Tuesday, 11 June 2024

Nithe i dtosach suíonna - Commencement Matters

Special Educational Needs

1:00 pm

Photo of Neale RichmondNeale Richmond (Dublin Rathdown, Fine Gael) | Oireachtas source

I thank Senator McGreehan for raising this issue. I welcome Niamh to the Chamber and it is great to see my old pal Ciarán accompanying her. This is a very timely Commencement matter. I am meeting Vision Ireland tomorrow afternoon to discuss this and many other issues relating specifically to my work with the Department of Finance on access to financial services for those with visual impairments. This follows on from a lot of work we have done with Senator Martin Conway on access to apprenticeships, particularly in the retail sphere. We have been very lucky to have some progress in this area over the past couple of months.

I will deal specifically with the status quo and a few changes that have been put in place for the junior and leaving certificate examinations. Then I will address some of the Senator's suggestions in a bit more detail.

The State Examinations Commission, SEC, has statutory responsibility for the operation of the State examinations. This includes providing access to the examinations for candidates with a complex variety of special educational needs under its scheme of reasonable accommodations, known as the RACE scheme. In 2023 the SEC piloted the provision of read-only digital versions of examination papers to leaving certificate candidates who are vision impaired and under the care of the visiting teacher service, VTS. This was in the context of an ongoing review and improvement of the RACE scheme. Read-only digital PDF versions of the standard examination papers were provided for the purposes of facilitating zooming and panning, along with the potential for users with appropriate accessibility software to adjust the colour or tone of the background and/or the text. A total of 14 candidates participated in these pilot arrangements.

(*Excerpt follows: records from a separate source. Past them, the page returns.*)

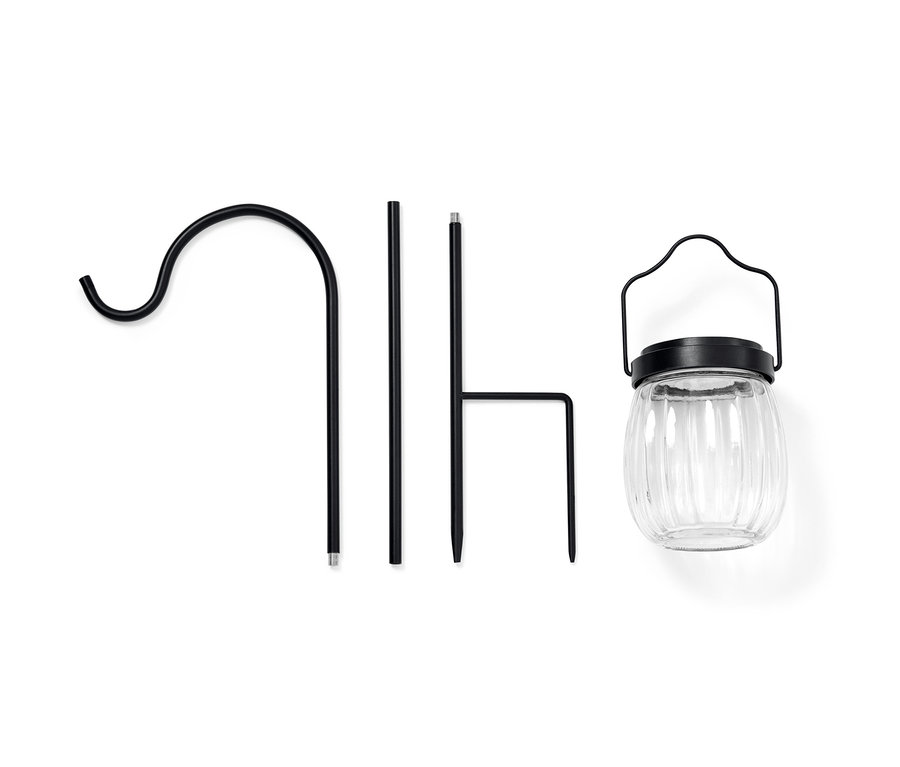 Teile einer Spieß-Solar-Leuchte auf weißem Hintergrund.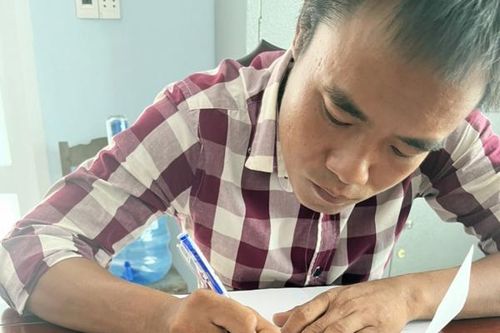 Công an xã vận động đối tượng truy nã ra đầu thú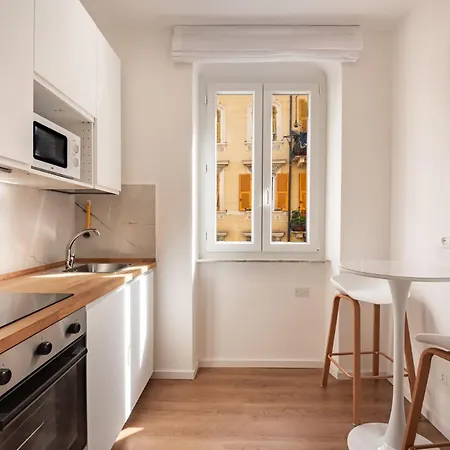 Appartement Binario 79 5terre 8min-in Front Of The Station,a-c La Spezia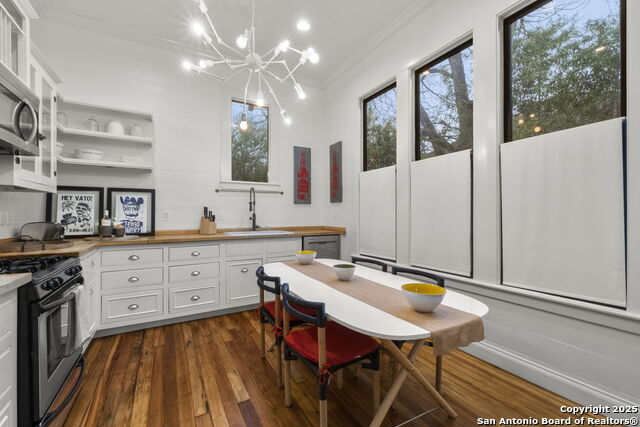 Image 7 of 18 For 227 Claudia St  2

Following a Workplace Relations Commission, WRC, case about inclusion of junior cycle candidates in the pilot, and having given detailed consideration to the issue, the SEC decided to extend the scope of the pilot to the junior cycle in 2024. The scope was also extended to include modified as well as standard versions of examination papers. A total of 26 leaving certificate and junior certificate candidates are included in the pilot arrangements this year.

On the first morning of the examinations, Wednesday, 5 June, there was a technical, security-related issue in accessing the digital examination paper through the SEC’s secure portal. I can advise that ten schools reported this issue to the SEC on behalf of ten candidates. The issue was resolved by 11.15 a.m. that morning. The SEC had also provided the examination papers for these candidates in traditional enlarged-hard-copy format. This enabled the ten affected candidates to take their examinations using the hard copy of the paper. Any time lost was restored at the end of the examination session.

The SEC has asked each school in the pilot to appoint a designated liaison person. The SEC has engaged with them to review what happened in their school and to apologise to the affected candidates. Arrangements will made to ensure that there is no disadvantage to these candidates. A comprehensive review of the pilot was planned, which will now include this specific issue.

An extensive range of examination supports is already available to support candidates with vision impairments but the Senator has made the case quite clearly that these are insufficient. It is not just about the range of additional services but it is the whole range of supports that apply to the entire education process, not just to the couple of hours of the examination. There is an opportunity here. There will be a review of the updates that were made for this year's junior certificate and leaving certificate regarding the issues I have laid out.As part of that, this is the moment where we address what is clearly an awful shortfall for those who are visually impaired and have additional needs and are sitting second level examinations and accessing education. I say this from a personal point of view; my brother is head of resources in a secondary school in Wicklow and is sitting on hand with students as we speak for examinations at leaving and junior certificate level. They are, of course, the history students the Senator mentioned because that is his main subject focus.

Let us use this moment as an opportunity. The Senator raised a number of key issues. I am over time and will come back to them. Let us take them directly to the Minister, Deputy Foley, bring the involved families in and use Vision Ireland and this as an opportunity to make the progress the Senator so eloquently laid out.